This method breaks down when $$f'(E_n) = 0$$, but for Kepler's Equation that cannot happen, as we'll see later.

How much better is $$E_{n+1}$$ than $$E_n$$? We define

$$β(E) ≡ \frac{f''(E)}{2f'(E)}$$

We have

\begin{eqnarray} f(E_n) \| = \| f(E + \del E_n) ≈ f(E) + \del E_n f'(E) + \frac{1}{2} \del E_n^2 f''(E) \notag \\ \| = \| M + \del E_n f'(E) (1 + \del E_n β(E)) \\ f'(E_n) \| = \| f'(E + \del E_n) ≈ f'(E) + \del E_n f''(E) \notag \\ \| = \| f'(E) (1 + 2 \del E_n β(E)) \end{eqnarray}

so

\begin{eqnarray} E + \del E_{n+1} = E_{n+1} \| = \| E_n + \frac{M − f(E + \del E_n)}{f'(E + \del E_n)} \notag \\ \| ≈ \| E_n + \frac{−\del E_n f'(E) (1 + \del E_n β(E))}{f'(E) (1 + 2 \del E_n β(E))} \| (|\del E_nβ(E)| \ll 1 ∧ |\del E_nf'''(E)| \ll |f''(E)|) \notag \\ \| = \| E_n − \del E_n \frac{1 + \del E_n β(E)}{1 + 2 \del E_n β(E)} \notag \\ \| ≈ \| E_n − \del E_n (1 + \del E_n β(E))(1 − 2 \del E_n β(E)) \| (|\del E_nβ(E)| \ll 1) \notag \\ \| ≈ \| E_n − \del E_n (1 + \del E_n β(E) − 2 \del E_n β(E)) \| (|\del E_nβ(E)| \ll 1) \notag \\ \| = \| E_n − \del E_n (1 − \del E_n β(E)) \notag \\ \| = \| E_n − \del E_n + \del E_n^2 β(E) \notag \\ \| = \| E + \del E_n^2 β(E) \end{eqnarray}

where we've used Equation \eqref{eq:f}. So, we find

\begin{eqnarray} \del E_{n+1} \| ≈ \| \del E_n^2 β(E) \\ \del E_{n+1} β(E) \| ≈ \| (\del E_n β(E))^2 \label{eq:improve} \end{eqnarray}

The next estimate $$E_{n+1}$$ is better than the previous one $$E_n$$ if $$|\del E_{n+1}| \lt |\del E_n|$$, which corresponds to

$$|\del E_nβ(E)| \lt 1$$

The boundary indicated by $$β(E)$$ is vague, because we derived it after neglecting certain terms, and at the beginning we don't know the true value of $$E$$ anyway and have to calculate $$β(E)$$ based on the estimate $$E_n$$ instead, which is not accurate, either.
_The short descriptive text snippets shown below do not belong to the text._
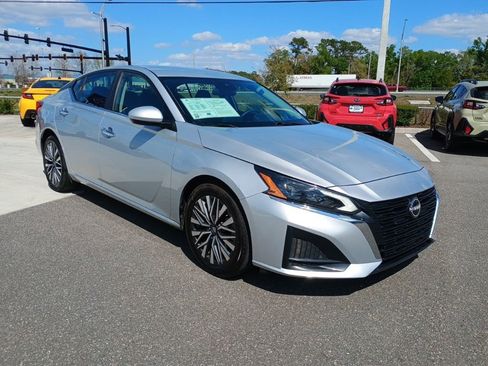 Used 2023 Nissan Altima 2.5 SV image 3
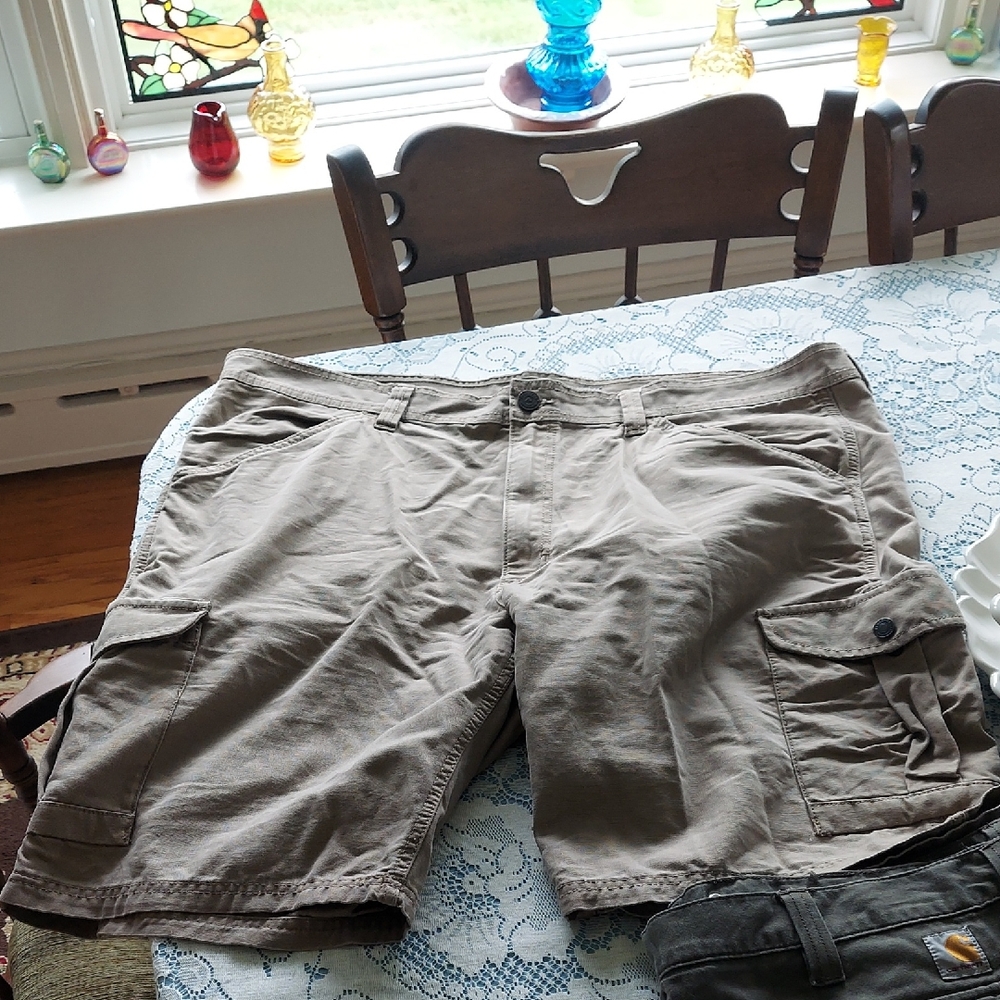 Men's Cargo Shorts in Taupe
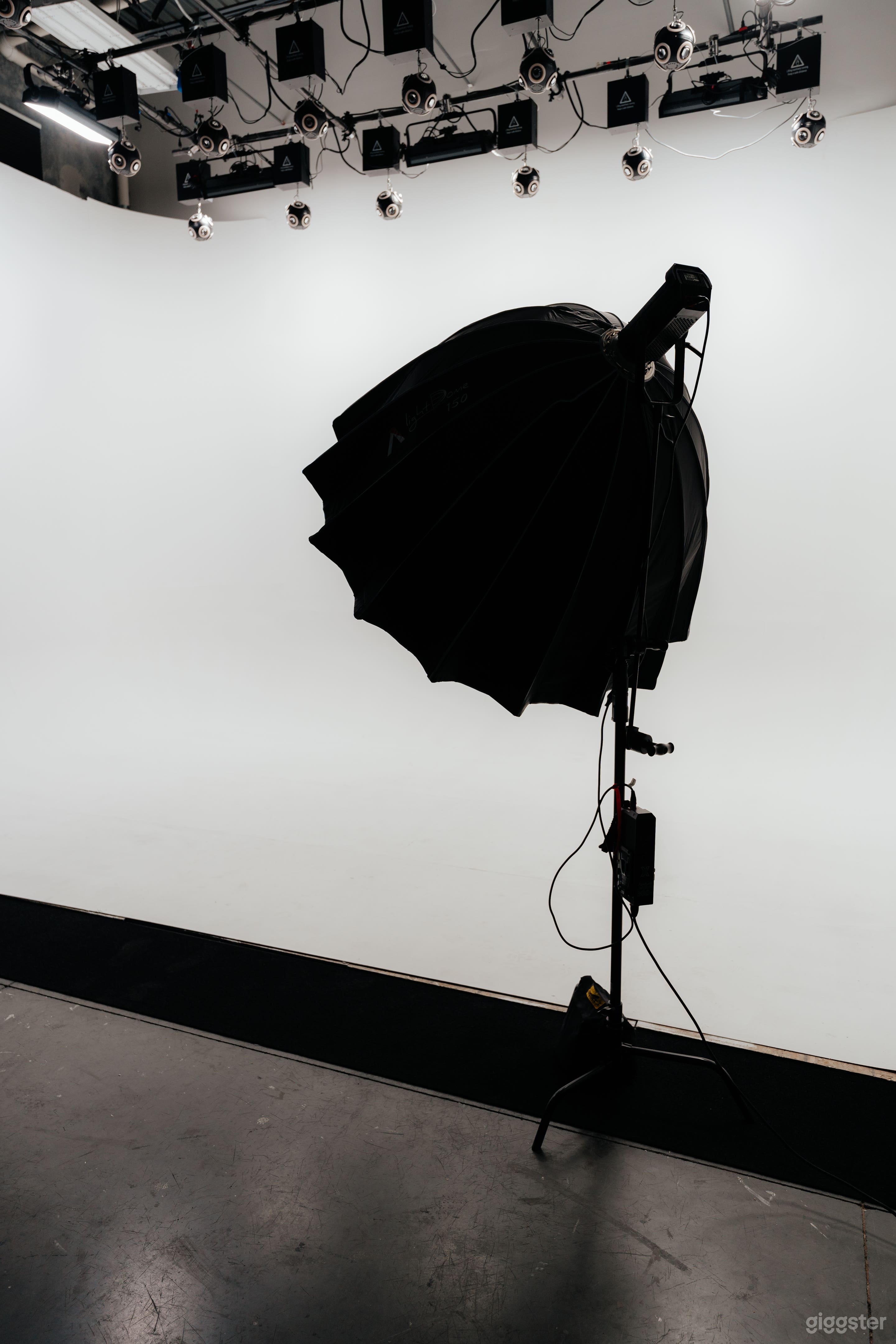Large Cyclorama wall &amp; lighting studio Photo 3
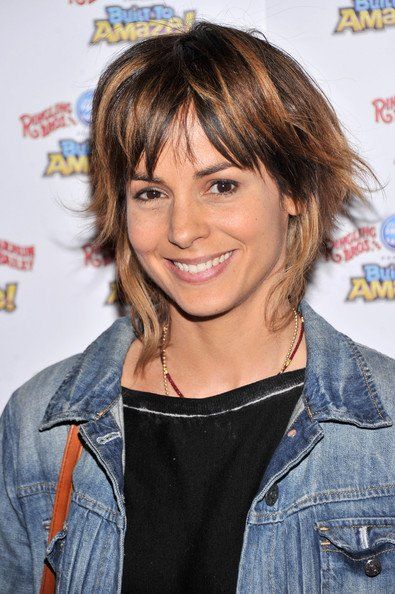 Pictures & Photos of Stephanie Szostak - IMDb Stephanie Szostak, Pretty Short Hair, Shag Hair, Short Haircut Styles, Imdb Movies, Shaggy Hair, Short Shag, Choppy Bob Hairstyles, Short Brown Hair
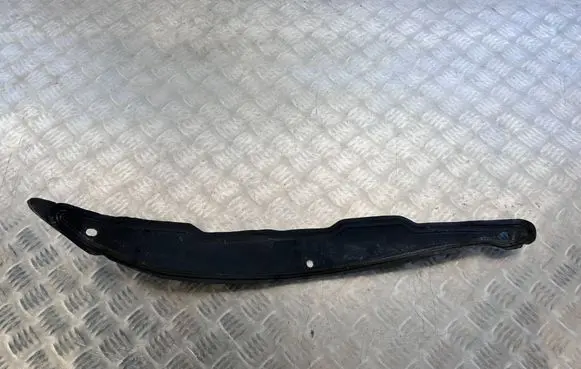 Maserati Ghibli Fender end trim 670001705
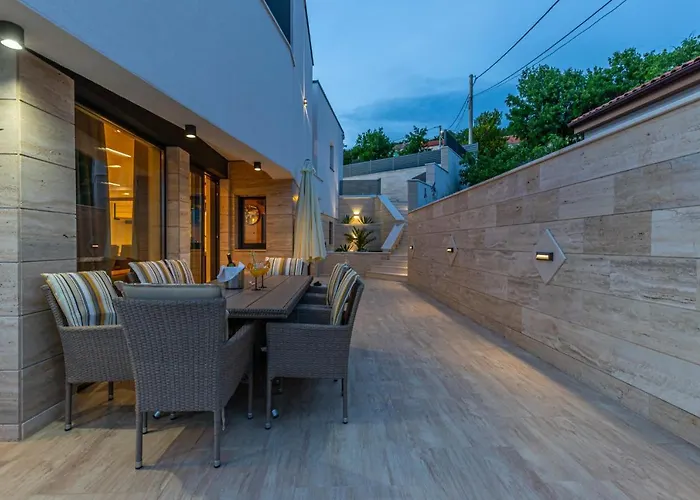 Vilă Marassi With Heated Pool, Hot Tub And Sauna *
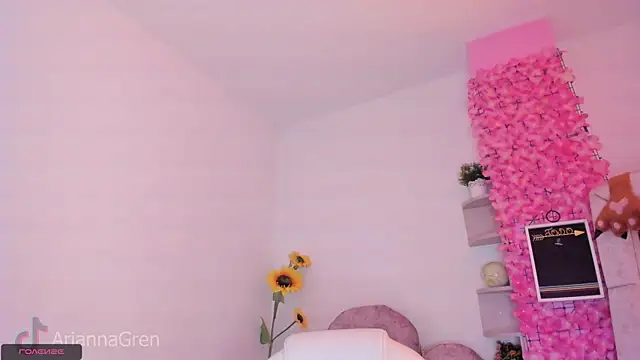 Snapshot of Arianna_Gren18 chatting on March 26, 2026, 2:15 pm Arianna Gren18 online show from March 26, 2026, 2:15 pm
So if $$|\del E_n|$$ isn't comfortably less than $$1/|β(E)|$$ then that may still not be small enough to locate the solution quickly. But if $$|\del E_n| \ll 1/|β(E)|$$ then the number of correct digits after the decimal marker roughly doubles for each next estimate. This is much faster improvement than for the first-order method described earlier. We'll only consider the second-order method from now on.

For elliptic orbits,

\begin{eqnarray} f(E) \| = \| E − e \sin(E) \\ f'(E) \| = \| 1 − e \cos(E) \\ f''(E) \| = \| e \sin(E) = E − f(E) \\ \del E_n \| = \| \frac{f(E_n) − M}{f'(E_n)} = \frac{E_n − e \sin(E_n) − M}{1 − e \cos(E_n)} \\ E_{n+1} \| = \| E_n − \del E_n = E_n + \frac{M − E_n + e \sin(E_n)}{1 − e \cos(E_n)} \\ β(E_n) \| = \| \frac{f''(E)}{2f'(E)} = \frac{e \sin(E_n)}{2(1 − e\cos(E_n))} \end{eqnarray}

The calculation of $$\del E_n$$ and $$β(E_n)$$ would fail if $$1 − e \cos(E_n) = 0$$, because then you'd divide by 0, but that equation corresponds to $$\cos(E_n) = 1/e \gt 1$$ which has no solution because $$|\cos(E_n)| \le 1$$.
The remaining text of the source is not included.